Laurel shrugged. “At least he likes veggies,” she said. “He’d be the size of a horse if he ate like Daddy does.”
“And how’s that?” a rich baritone voice called from the side porch.
Ivy brightened. Alexander Macpherson stepped into the kitchen doorway, filling the space. As always, he wore mud-spattered work boots, multi-pocketed canvas pants, and a thick Pendleton wool plaid shirt over a thermal Henley pullover. He had seasonal variations of the same outfit, trading the wool and thermals for cotton plaid and Fruit of the Loom T-shirts when summer lay thick in the hollow and the winter’s chill transformed into humidity that lay like a wet towel over the budding trees.
“Hey, Daddy,” Ivy said, sidestepping a dancing Bark Ruffalo to burrow into her father’s tight hug. He smelled like woodsmoke and whiskey. He’d just come from the kitchen shed.
He kissed her on the crown of her head and stepped back to peer at her through eyes the color of new spring leaves. She felt a catch in her chest when she saw the lines
radiating from those kind eyes, the encroaching white in his nut-brown hair. He was a strong and vital man still, but more and more time showed in his kind face. “Your mama’s on her way,” he said, partly to Laurel.
“Right,” Laurel returned, still stirring the gravy. “Ivy, get the table.”
“Bossy,” she teased, but she did as directed, pulling the familiar stoneware dishes from the cabinet, their borders of fruit a daily reminder of the land and work that had kept this farmhouse standing and the barns busy for so many years. “Four or five?”
“Four,” her father answered. “Vi has a library board meeting tonight, so she’s eating in town.”
Ivy nodded and set four places at the pine table in the middle of the expansive room, adding napkins from a basket of clean linens on the sideboard and counting silverware out of a drawer that needed regular soaping to keep it from sticking. She admired the cool weight of the flatware in her hand, so different from the inexpensive set she’d bought when she’d first moved to New York and had so little money to set up house.

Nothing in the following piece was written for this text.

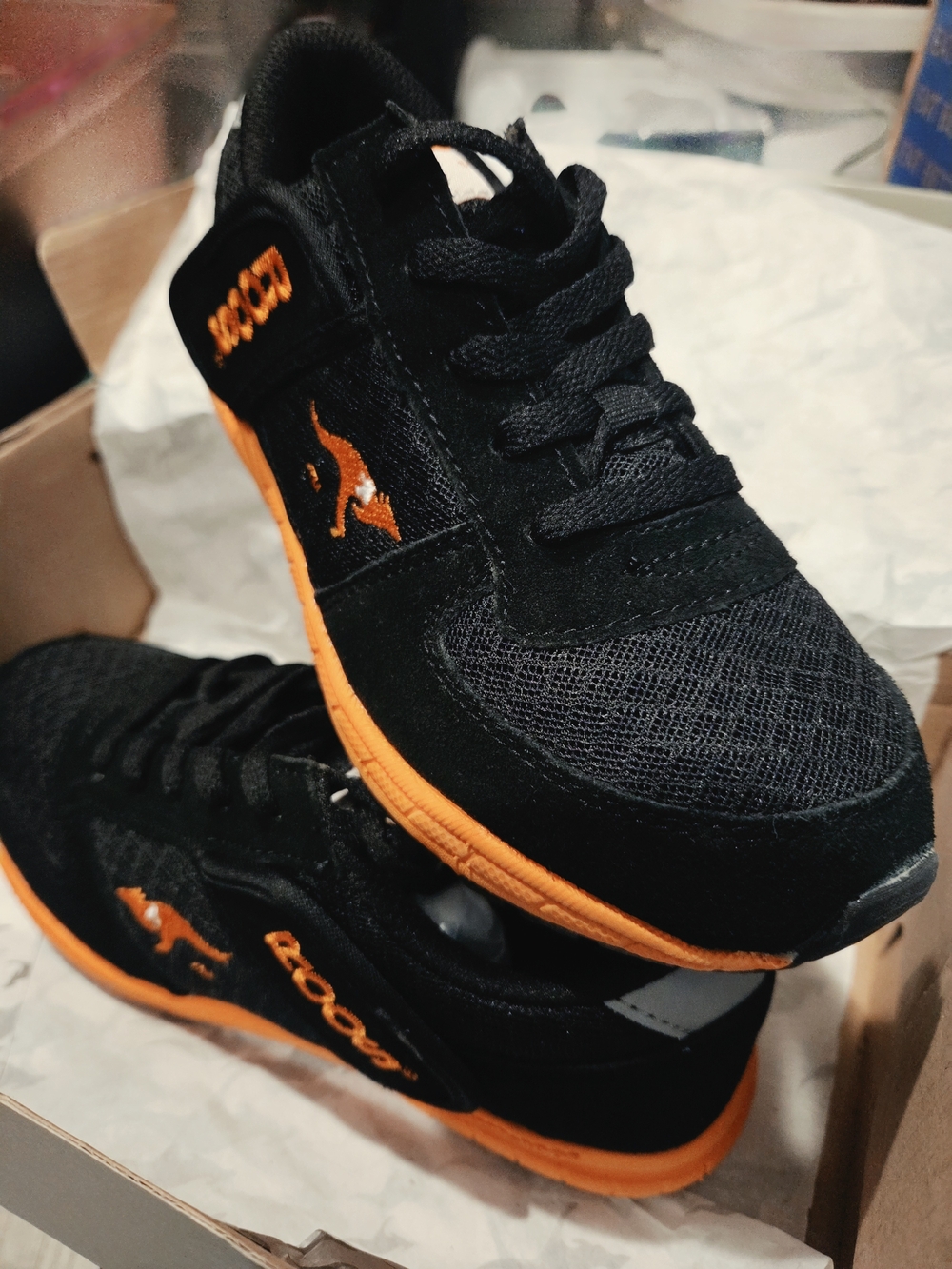 NIB KangaROOS Combat Basic Kids Sneakers Black/Orange Youth Size 3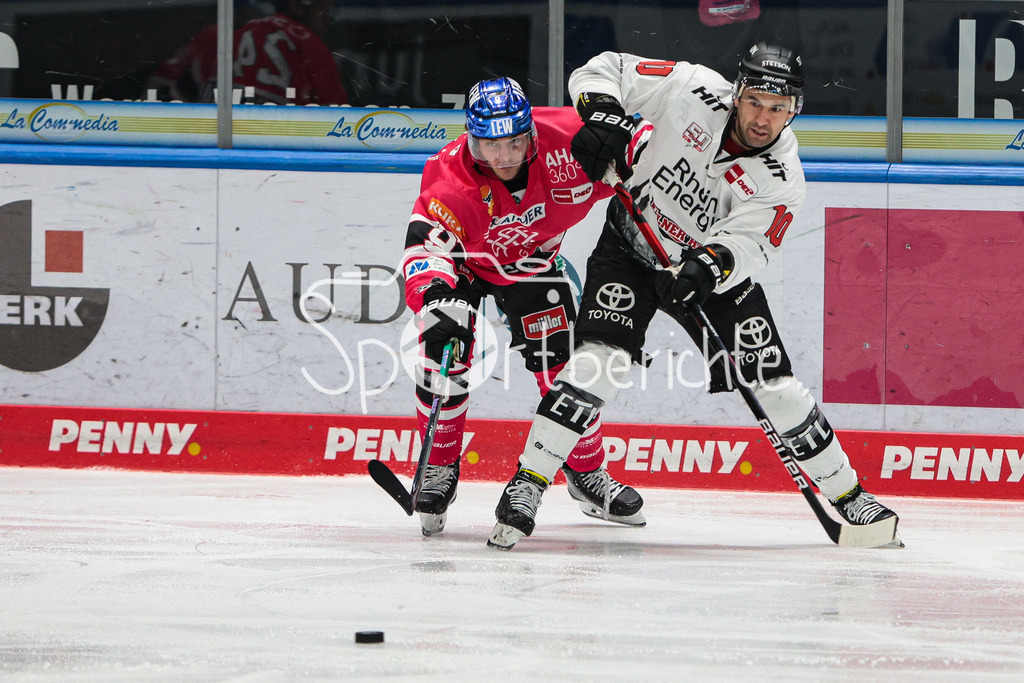 Augsburger Panther - Koelner Haie  | Justin VOLEK (AEV #9) im duell mit Jonathan MATSUMOTO (KEC #10)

“That smells divine.” Ivy turned toward the new voice, a smooth alto that poured out like a dram of fine scotch.
Holly Macpherson was short where her husband was tall, plump and matter-of-fact, businesslike and as comforting as Laurel. She’d cut her hair short years ago, complaining that her original long, wavy locks were too hot to manage with three daughters, a husband, and a farm to keep after. Today, it stood away from her broad forehead, a sure sign she’d been pushing it back in frustration and speed. The last shipment of fruitcakes traditionally left two days before Christmas, so tomorrow would be a blur of packing, labeling, and stamping to ensure that only the last-minute orders had to be rushed over to the FedEx office in Hemlock before they closed up shop.
“Goodness, Ivy, don’t they feed you in that city?” Holly said, pulling her into a tight hug.
Older and smaller though she might be, Holly was as strong as a Shetland pony and about as stubborn.
“They feed me, Mama. I just walk a lot.” That much was true. Ivy dared not admit that food was an afterthought most days. Certainly not food like this, heaped into serving dishes and passed around the table.